Like many names used by veterans of the anticolonial war against France, Chadli's name is a nom de guerre. Algeria's television-wise reporters have another name for him, "Jeff Chandler," after the white-haired and rugged-looking Hollywood actor of the 1950s. Born in a farm village near Annaba on the Mediterranean, he served as a junior officer in the French army until 1954. He then joined the clandestine National Liberation Army, eventually rising to the command of its 13th battalion, based near F.L.N. sanctuaries in Tunisia. After independence, he was picked by Boumedienne to head the important second military district, based in Oran. A devout Muslim whose wife never appears in public without a veil, Chadli has avoided the political limelight. In his ten-minute acceptance speech last week, he vowed that he would be a faithful guardian of the Boumedienne legacy. He declared, "I affirm that socialism is an irreversible option for our country. I pledge myself to fight for the maintenance of our national independence both politically and economically and to maintain the mastery of our national wealth."
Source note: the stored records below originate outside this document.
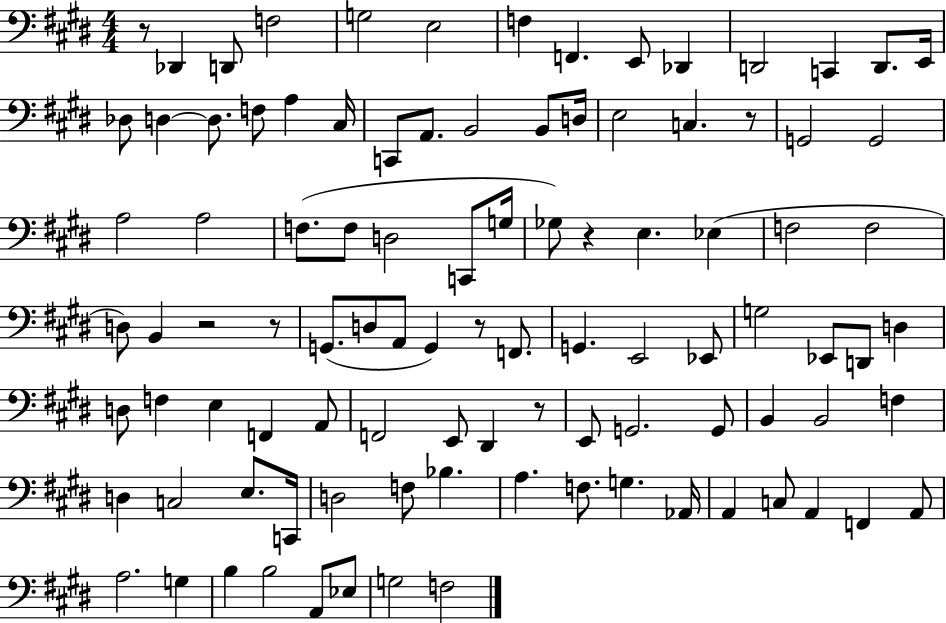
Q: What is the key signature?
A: E major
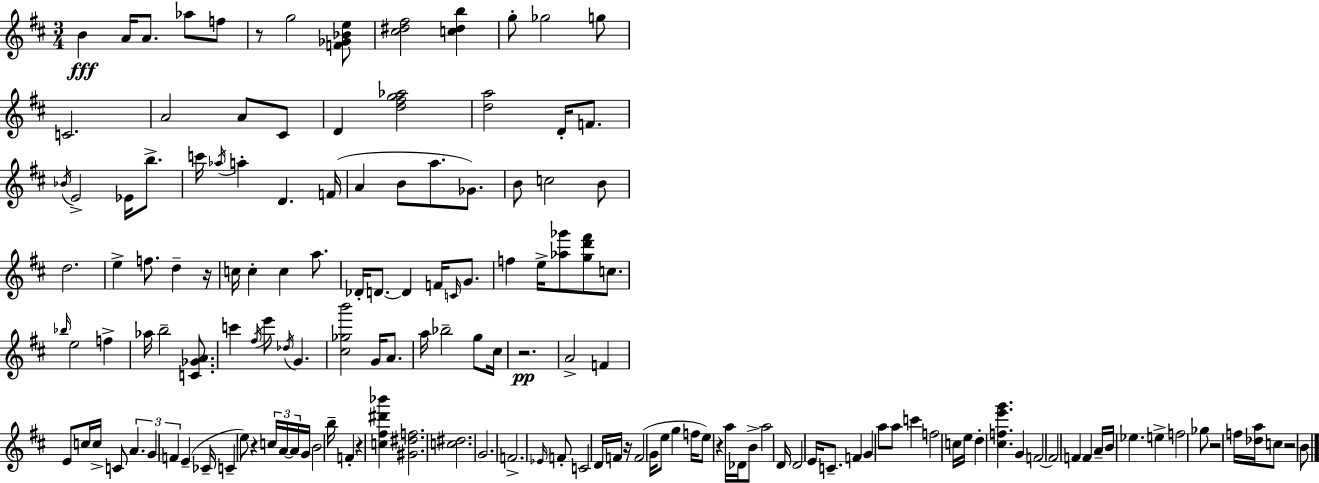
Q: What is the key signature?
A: D major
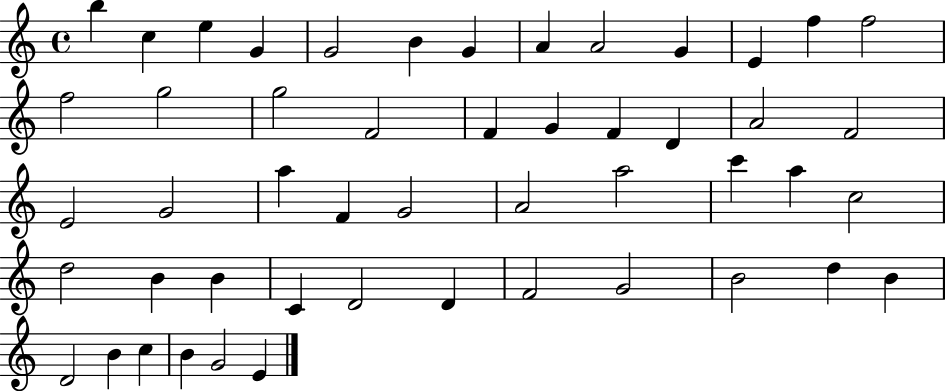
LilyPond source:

{
  \clef treble
  \time 4/4
  \defaultTimeSignature
  \key c \major
  b''4 c''4 e''4 g'4 | g'2 b'4 g'4 | a'4 a'2 g'4 | e'4 f''4 f''2 | \break f''2 g''2 | g''2 f'2 | f'4 g'4 f'4 d'4 | a'2 f'2 | \break e'2 g'2 | a''4 f'4 g'2 | a'2 a''2 | c'''4 a''4 c''2 | \break d''2 b'4 b'4 | c'4 d'2 d'4 | f'2 g'2 | b'2 d''4 b'4 | \break d'2 b'4 c''4 | b'4 g'2 e'4 | \bar "|."
}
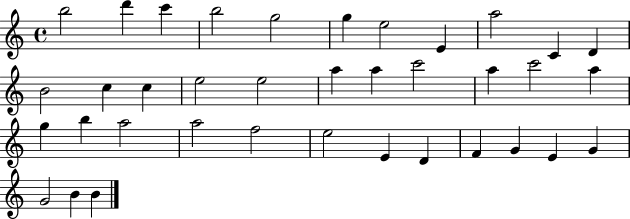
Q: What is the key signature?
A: C major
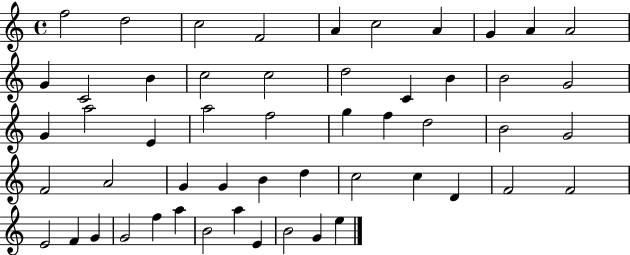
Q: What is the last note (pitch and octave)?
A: E5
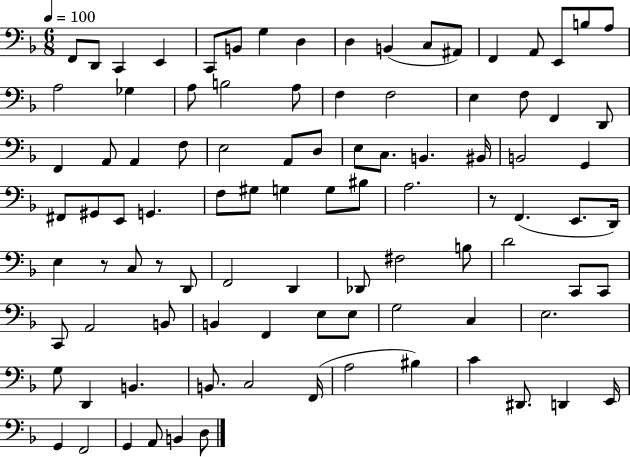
X:1
T:Untitled
M:6/8
L:1/4
K:F
F,,/2 D,,/2 C,, E,, C,,/2 B,,/2 G, D, D, B,, C,/2 ^A,,/2 F,, A,,/2 E,,/2 B,/2 A,/2 A,2 _G, A,/2 B,2 A,/2 F, F,2 E, F,/2 F,, D,,/2 F,, A,,/2 A,, F,/2 E,2 A,,/2 D,/2 E,/2 C,/2 B,, ^B,,/4 B,,2 G,, ^F,,/2 ^G,,/2 E,,/2 G,, F,/2 ^G,/2 G, G,/2 ^B,/2 A,2 z/2 F,, E,,/2 D,,/4 E, z/2 C,/2 z/2 D,,/2 F,,2 D,, _D,,/2 ^F,2 B,/2 D2 C,,/2 C,,/2 C,,/2 A,,2 B,,/2 B,, F,, E,/2 E,/2 G,2 C, E,2 G,/2 D,, B,, B,,/2 C,2 F,,/4 A,2 ^B, C ^D,,/2 D,, E,,/4 G,, F,,2 G,, A,,/2 B,, D,/2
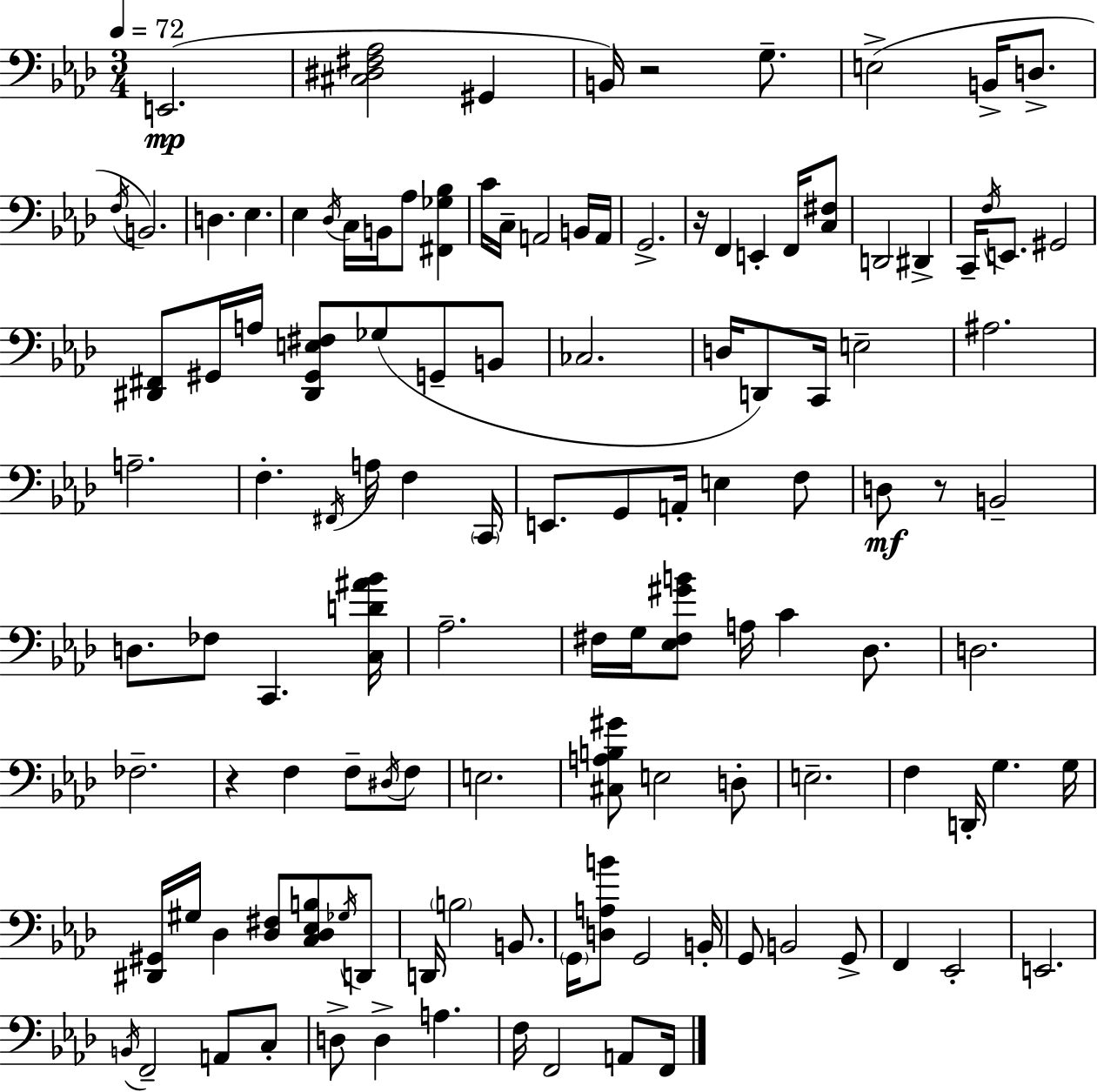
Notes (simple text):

E2/h. [C#3,D#3,F#3,Ab3]/h G#2/q B2/s R/h G3/e. E3/h B2/s D3/e. F3/s B2/h. D3/q. Eb3/q. Eb3/q Db3/s C3/s B2/s Ab3/e [F#2,Gb3,Bb3]/q C4/s C3/s A2/h B2/s A2/s G2/h. R/s F2/q E2/q F2/s [C3,F#3]/e D2/h D#2/q C2/s F3/s E2/e. G#2/h [D#2,F#2]/e G#2/s A3/s [D#2,G#2,E3,F#3]/e Gb3/e G2/e B2/e CES3/h. D3/s D2/e C2/s E3/h A#3/h. A3/h. F3/q. F#2/s A3/s F3/q C2/s E2/e. G2/e A2/s E3/q F3/e D3/e R/e B2/h D3/e. FES3/e C2/q. [C3,D4,A#4,Bb4]/s Ab3/h. F#3/s G3/s [Eb3,F#3,G#4,B4]/e A3/s C4/q Db3/e. D3/h. FES3/h. R/q F3/q F3/e D#3/s F3/e E3/h. [C#3,A3,B3,G#4]/e E3/h D3/e E3/h. F3/q D2/s G3/q. G3/s [D#2,G#2]/s G#3/s Db3/q [Db3,F#3]/e [C3,Db3,Eb3,B3]/e Gb3/s D2/e D2/s B3/h B2/e. G2/s [D3,A3,B4]/e G2/h B2/s G2/e B2/h G2/e F2/q Eb2/h E2/h. B2/s F2/h A2/e C3/e D3/e D3/q A3/q. F3/s F2/h A2/e F2/s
Chadli's pledge will mean a continued strain in Algeria's relations with its perennial rival, Morocco. Since Spain ceded control of its former colony of Spanish Sahara to Morocco and Mauritania in 1975, Algeria has been providing arms to the Polisario liberation movement, which seeks to create a new "Saharan Arab Democratic Republic" in the desert area along the Atlantic seaboard. The guerrillas have recently abandoned a unilateral cease-fire they declared last June to launch a "Houari Boumedienne offensive," which they claim has scored several victories.
Domestically, Chadli's biggest problem will be reviving the economy. To cushion the impact of declining oil revenues as Algeria's petroleum reserves are depleted, Boumedienne undertook ambitious industrialization plans. But some sectors of the economy, including housing and agriculture, were sadly neglected and went into decline. Foreign experts believe that the solution lies in an injection of free enterprise and a loosening of bureaucratic controls. But whether Chadli will feel confident enough to take such steps remains to be seen.
Whatever policies emerge under Chadli, the new President is not likely ever to be as powerful as his predecessor. Before selecting Chadli last week, the F.L.N. congress adopted structural reforms that will replace Boumedienne's tightly controlled Council of the Revolution with a more broadly based central committee and a 17-member politburo responsible for policy decisions. At least for the present, the days of one-man rule in Algeria seem to be over.